Are you faced with having to find the right plants for a location with dry soil? Fortunately, there are many beautiful perennials that will thrive in the most difficult spots – even beneath tree canopies.
Beneath the tree canopy
Soil near the trunks of trees is often dry and very shady. In these situations, you have a choice of many perennials that will enhance the look of these areas. For a tree surrounded by paving material, for example, reserve space around the trunk and fill it with perennials. You might even want the leaf colour of the perennial to complement that of the tree. What about combining a perennial with yellow-green foliage (Origanum vulgare ‘Thumble’s Variety’) beneath a Cigar tree (Catalpa bignonioides ‘Aurea’) with leaves of the same colour? Good plants for locations beneath a tree canopy include Lady’s mantle (Alchemilla), Crane’s bill (Geranium cantabrigiense ‘Cambridge’) and Comfrey (Symphytum grandiflorum). If the soil is dry but not bone dry, Bistort (Persicaria bistorta ‘Superba’) would be a good choice. Evergreen perennials for these conditions include Barrenwort (Epimedium x perralchicum ‘Frohnleiten’), Crane’s bill (Geranium macrorrhizum), Bergenia, Lilyturf (Liriope muscari), Greater periwinkle (Vinca major) and Japanese spurge (Pachysandra terminalis). Flower bulbs also make a beautiful addition.
Did you know that…
- …covering the area beneath the canopy of a street tree with densely planted perennials is safer than using grass or shrubs? After all, mowing the grass can damage the tree’s trunk, and hoeing around shrubs can damage its roots.
- ….essentially nothing – including perennials – will grow under some trees like beech and wingnut?

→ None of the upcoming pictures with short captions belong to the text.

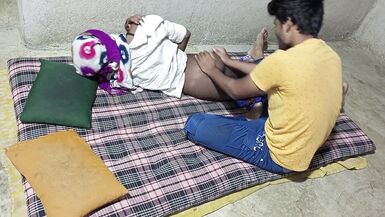 shemale I called a inexperienced college boy to my room and fucked her - Hindi Voice - 8 image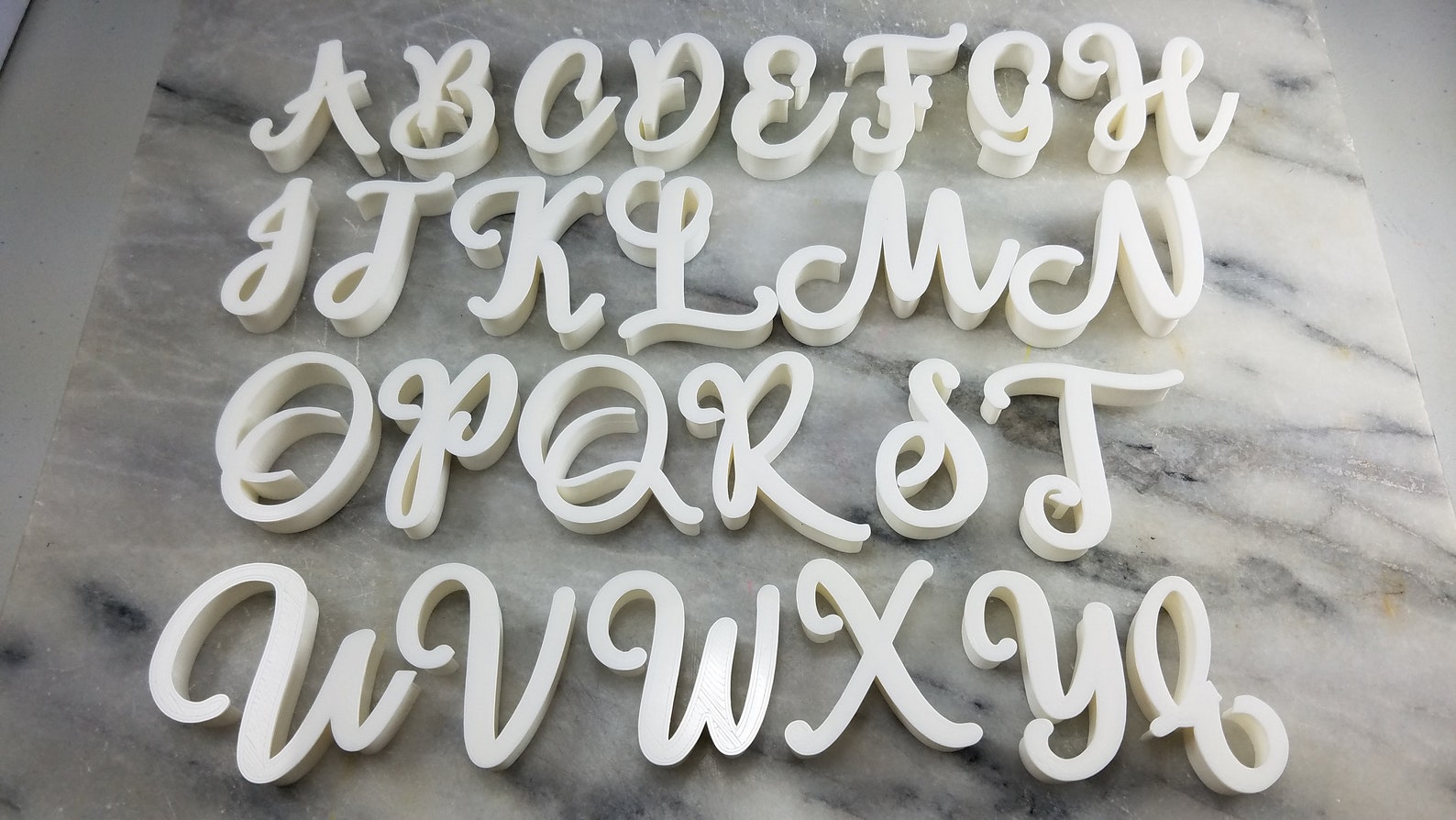 Cursive Letter Cookie Stamps Set FAST Shipping Choose Your Etsy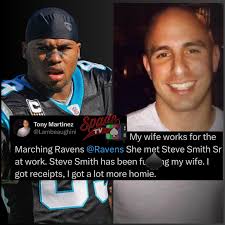Man calls out Former NFL Player & Analyst Steve Smith for allegedly folding  his wife like a pretzel. He also posted very explicit messages between them.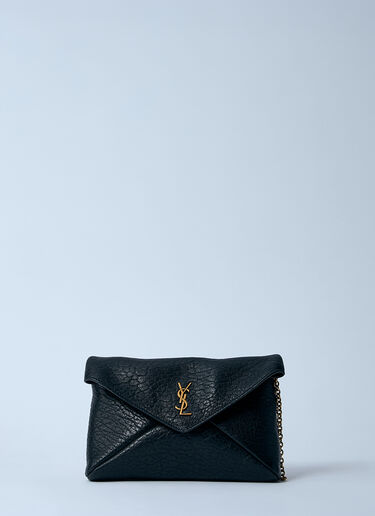 Saint Laurent Cassandre Chain Wallet Black sla0259089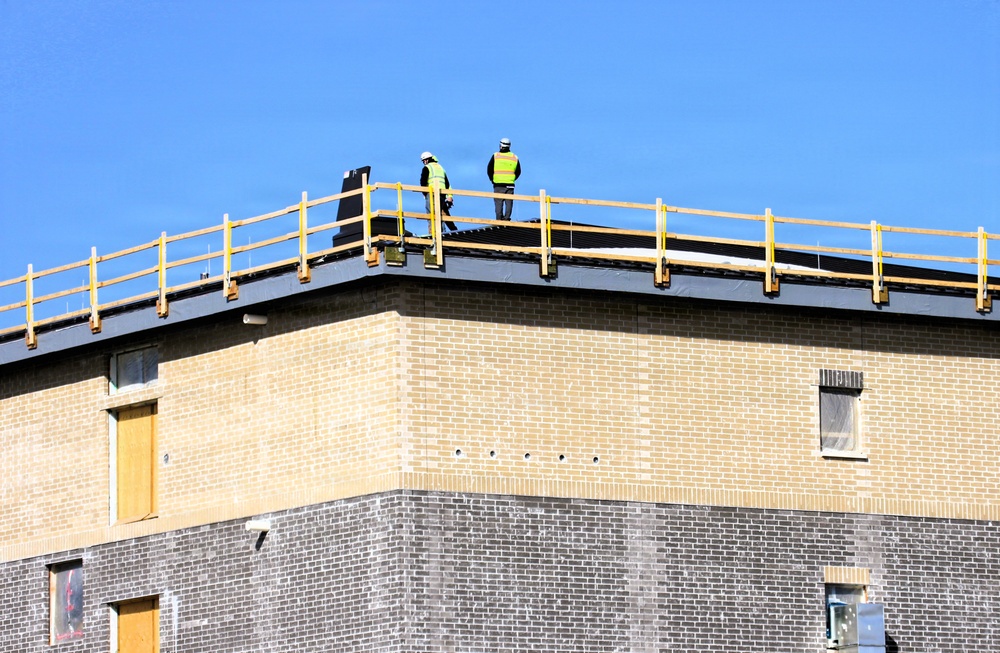 March 2026 construction operations for fiscal year 2024-funded $55.75 million Collective Training Officers Quarters Project at Fort McCoy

The largest component of soil in a dry garden is sand. Unlike clay, sand is made up of larger particles with gaps between them so water will drain through and the soil will dry out quickly. To create an attractive planting here, choosing the right perennials is essential. Mediterranean plants actually prefer a sunny spot with dry soil over normal garden soil. Good examples are Yellow camomile (Anthemis tinctoria), Red valerian (Centranthus ruber), Catnip (Nepeta), Globe thistle (Echinops), Baby’s breath (Gypsophila) and Yucca. Some plants are even suitable for spots that are both dry and shady. Examples are the wintergreen Turkish wood spurge (Euphorbia amygdaloides ssp. robbiae), Italian arum (Arum italicum), Bergenia, Spotted deadnettle (Lamium maculatum), Crane’s bill (Geranium macrorrhizum) and Barrenwort (Epimedium x perralchicum ‘Frohnleiten’).
Planting and maintenance
Autumn is an excellent time of year to plant perennials in dry soil. September in particular is when perennials exhibit their strongest growth. This time of cool temperatures and usually substantial rainfall will benefit root development for a better chance of survival. For vigorous growth, it is advisable to provide fertiliser every year. Just after planting a young tree is a good time to plant perennials around its trunk. This way, the tree and the perennials can mature together. When planting perennials around an older tree, care must be taken not to damage the tree’s roots. For this reason, carefully loosen the soil around the tree and use vertically vining perennials such as Clematis (Clematis jouiana ‘Praecox’).